Canadian basketball player

Tyler Kepkay (born June 19, 1987) is a Canadian professional basketball player, who last played for the Winling Basketball Club in Hong Kong. He is a veteran member of the Canadian national basketball team.

== College career ==
Kepkay initially attended the College of Eastern Utah in Price, Utah. At the junior college school, he led the nation in scoring his sophomore season en route to being named First Team Junior College All-America. Following his two years of junior college, he committed to the University of Utah for his last two years of eligibility.
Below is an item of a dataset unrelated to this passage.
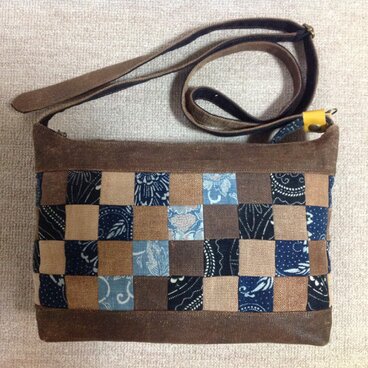 市松模様(酒袋と藍型染め)の斜め掛けバッグ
In his first season with the Utes, he played in all 33 games, starting 26 of them, while averaging 7.5 points and 2.1 assists per game. In the 2008–09 season, he averaged 10.3 points per game for the Utes in helping the team to a 24–9 record and a berth in the 2009 NCAA Men's Division I Basketball Tournament. At the tournament, he scored a team-high 19 points in a first round loss to the University of Arizona.

== National team career ==
Kepkay first played for the Canada national basketball team at the FIBA World Olympic Qualifying Tournament for Men 2008 while seeing limited action off the bench for the Canadians. He also participated with the team at the FIBA Americas Championship 2009.